Parshas Chukas – The Living Years

Athlete Drinking

Imagine doing a strenuous workout outside on a ninety-degree summer day. The workout is tough — but you do it. You feel good. Invigorated. You go inside your house and you are thinking about one thing and one thing only – WATER. Water for a cold drink, water for a hot shower.  You open the fridge – NO WATER. You turn on the tap – NO WATER.

HELP!

Now you know how the Jews felt in the desert.

In this week’s parsha, we find the Jewish people continuing their journey through the Sinai Desert, arriving in Kadesh, and realizing that there is no water to be found. They are (understandably) not very happy and bitterly complain to Moshe and Aaron.

This begs the question: After 40 years of traveling through the DESERT (I don’t think there were any rest stops!) — where exactly had they gotten water until now?

The Talmud asks this question and answers that throughout the 40-year journey, God provided the Jewish people with a miraculous fresh water well that followed them along their way.

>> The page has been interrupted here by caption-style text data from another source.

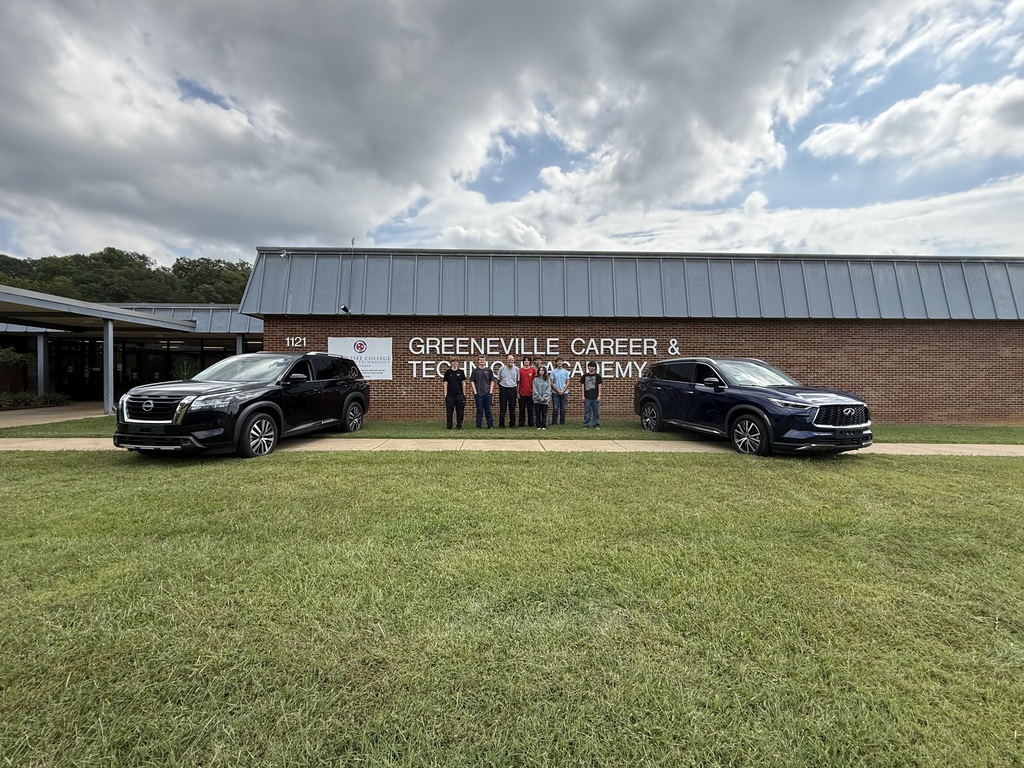 Group of people posing in front of the Greeneville Career & Technology Academy building, which has a brick facade and metal roof. Two black cars are parked on either side of the group. The sky is partly cloudy, and green grass is visible in the foreground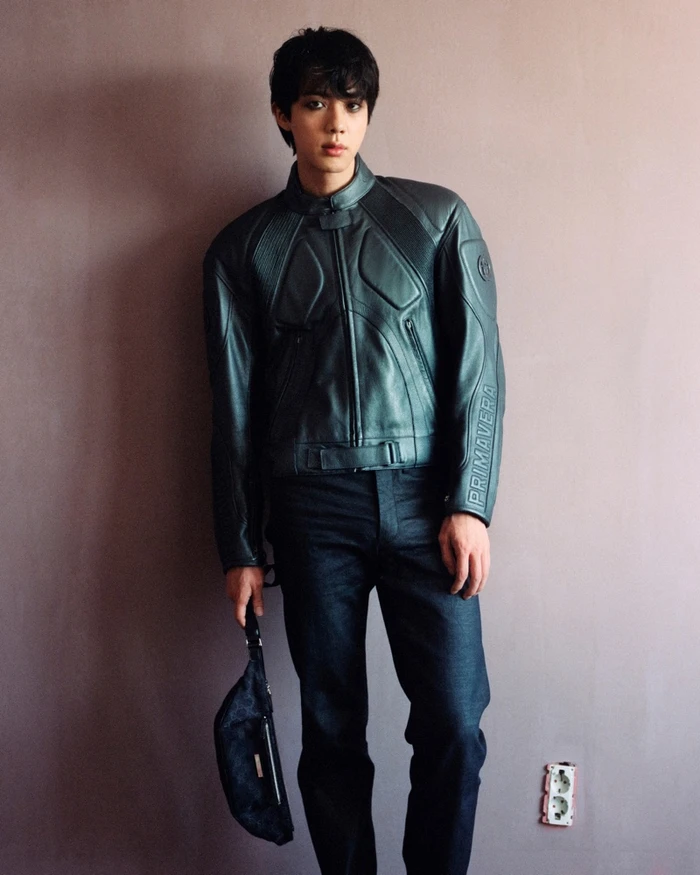Jin posing in a dark leather motorcycle jacket and dark trousers against a wall, holding a small bag for Gucci Primavera 2026.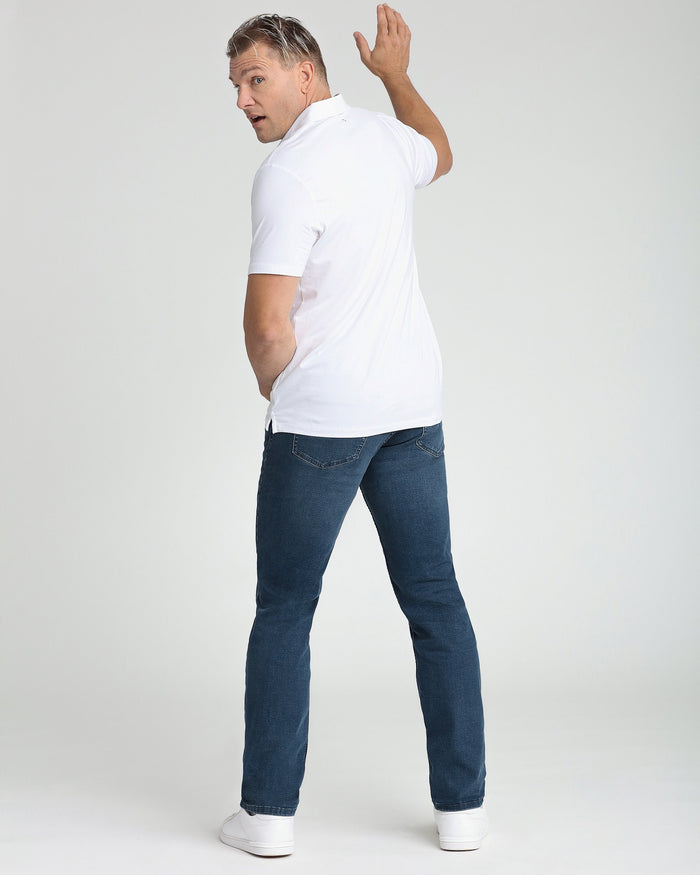 Man wearing white short-sleeve polo shirt with dark blue jeans and white sneakers, shown from back at an angle.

This, however, simply raises another question – what changed? Where did this well go? Why did it stop? Did Moses forget to pay the water bill?

The Talmud says that the answer can be found by looking at the juxtaposition of the verses in the Torah, “Miriam died . . . and there was no water.” The miraculous well was in the merit of the righteous prophetess Miriam. No Miriam, no water.

However, as the Torah explicitly tells us – the water DID return – and the Talmud says that it returned in the merit of Miriam’s brothers Moshe and Aaron.

A number of commentaries raise the obvious question: If Moshe and Aaron had the merit to bring the water back – what was the point of taking it away in the first place? It seems to me that the answer can be summed up in one word: “Appreciation.” During all of the forty years of desert wandering, the Jewish people took the miracle of the water supply for granted and didn’t appreciate it.  They didn’t appreciate the water and they didn’t appreciate Miriam — she never got as much as a simple “thank you.”

God wanted to teach them an important lesson – if you don’t appreciate something, you may have to lose it to really come to realize its value.

There was a song that was popular when I was a teenager called “The Living Years.” Although I haven’t heard the song in decades, I still remember some of the poignant lyrics — “It’s too late when we die . . . I wish I would have told him in the living years.”

We all have special people in our lives, wonderful people who gift us in so many ways. No doubt, after the water was gone, the Jews realized how special Miriam was. Don’t make the mistake of the Jews in the desert — appreciate the extraordinary people in our lives and thank them today for being who they are and the special blessings they bring us.

And next time you open up your fridge and there IS refreshing cold water, raise a glass, make a blessing, and thank God for the wonderful gift of water. No need to wait until something is gone to appreciate it – let’s do it today, here and now, in the words of the song – “Say it loud, say it clear . . . in the living years.”